AutoScan: Leveraging Computer Vision to Improve Comic Book Translations and Editing

Overview

This repository contains the research paper and supporting materials for AutoScan, an automated system that leverages computer vision and machine learning to streamline manga (Japanese comic book) translation and editing workflows. The system processes Japanese manga pages, detects speech bubbles and text, translates content into English, and seamlessly integrates translations while preserving the original artistic style and font characteristics through intelligent bubble classification.

Abstract

As Machine Learning becomes ever more ubiquitous, it offers promise in automating many previously time-consuming processes, including making literature more accessible. This work focuses on the challenges facing the manga community regarding translation and widespread dissemination of thousands of available comics.
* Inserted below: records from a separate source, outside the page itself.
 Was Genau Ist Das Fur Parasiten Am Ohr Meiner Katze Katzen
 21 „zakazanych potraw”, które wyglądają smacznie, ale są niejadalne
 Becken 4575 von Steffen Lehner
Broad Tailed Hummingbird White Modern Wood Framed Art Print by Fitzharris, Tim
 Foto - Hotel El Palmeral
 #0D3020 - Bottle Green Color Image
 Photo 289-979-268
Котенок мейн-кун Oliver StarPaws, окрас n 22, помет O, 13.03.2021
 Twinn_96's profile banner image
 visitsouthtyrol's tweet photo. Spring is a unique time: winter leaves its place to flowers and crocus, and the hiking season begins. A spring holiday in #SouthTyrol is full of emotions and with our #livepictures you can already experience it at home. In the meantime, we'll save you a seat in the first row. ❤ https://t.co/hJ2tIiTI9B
Not only is translating and editing manga time-consuming, but translated copies are often unofficial and may be subject to individuality in translation as opposed to an official and standard translation.

AutoScan addresses these challenges by introducing an end-to-end automated pipeline that:

Detects Speech Bubbles: Uses YOLOv8 to classify 7 types of speech bubbles for font consistency
Extracts Text: Employs Manga OCR for accurate Japanese character recognition
Translates Content: Utilizes DeepL for high-quality Japanese-to-English translation
Preserves Context: Maintains varying fonts to preserve visual meaning and sentiment

This research demonstrates improvements in translation efficiency while maintaining the visual context that lends additional meaning to the original story.

System Architecture

The AutoScan pipeline consists of four main steps:

Speech Bubble Detection: Locates text within frames using YOLOv8 by Ultralytics
Text Extraction: Extracts text from frames using Manga OCR
Translation: Translates extracted text using DeepL translator
Image Editing: Edits frames to include new translations with appropriate fonts

Repository Contents

AutoScan-Research-Paper/
├── README.md                 # This file
├── paper/
│   ├── AutoScan_Paper.pdf   # Complete research paper
│   ├── abstract.md          # Extended abstract
│   └── references.bib       # Bibliography
├── figures/
│   ├── system_architecture.png
│   ├── detection_pipeline.png
│   └── results_comparison.png
├── examples/
│   ├── input/               # Sample manga pages (input)
│   └── output/              # Translated pages (output)
├── methodology/
│   └── detailed_methods.md  # Detailed methodology
└── LICENSE

Key Features

1. Speech Bubble Classification

Uses YOLOv8 object detection model by Ultralytics
Classifies 7 types of speech bubbles to maintain font consistency:
- Regular speech bubbles
- Shout bubbles
- Narrative bubbles
- Happy bubbles
- Evil bubbles
- Thought bubbles
- Scared bubbles
Achieved 0.724 mAP at IoU 0.50

2. Specialized Japanese OCR

Utilizes Manga OCR (based on Microsoft's TrOCR)
Trained specifically for manga text recognition
Handles Japanese text including Furigana (pronunciation guides)
Works well with text on top of images

3. High-Quality Translation

Uses DeepL translator for accurate Japanese-to-English translation
Currently translates bubble-by-bubble
Future versions will incorporate contextual translation

4. Generative Fill Technology

Employs Adobe's generative fill tool for image editing
Removes Japanese text and extends backgrounds naturally
Future versions will automate using Google's Vertex AI

Results

AutoScan demonstrates:

0.724 mAP (mean Average Precision) at IoU 0.50 for speech bubble detection
7 bubble types classified for font consistency maintenance
Manga OCR performance superior to Tesseract, EasyOCR, and Google Cloud Vision
Font preservation through bubble type classification enables context maintenance
Automated translation pipeline from detection through editing

Training Data

The system was trained and tested on:

1,062 manga page images annotated using Roboflow
Transfer learning applied to adapt YOLOv8 for manga-specific detection
7 speech bubble classes for font variation tracking

Methodology

The system employs a four-step processing pipeline:

Speech Bubble Detection: YOLOv8 model locates and classifies speech bubbles, saving (x, y) coordinates for each bounding box
Text Extraction: Manga OCR extracts Japanese text from cropped bubble regions
Translation: DeepL translates the extracted text to English
Image Editing: Adobe's generative fill removes Japanese text and extends backgrounds, then translated text is overlaid with appropriate fonts based on bubble type

For detailed methodology, see methodology/detailed_methods.md.

Example Results

Below are sample comparisons showing original Japanese manga pages and their AutoScan-translated English versions:

Original (Japanese)	AutoScan Output (English)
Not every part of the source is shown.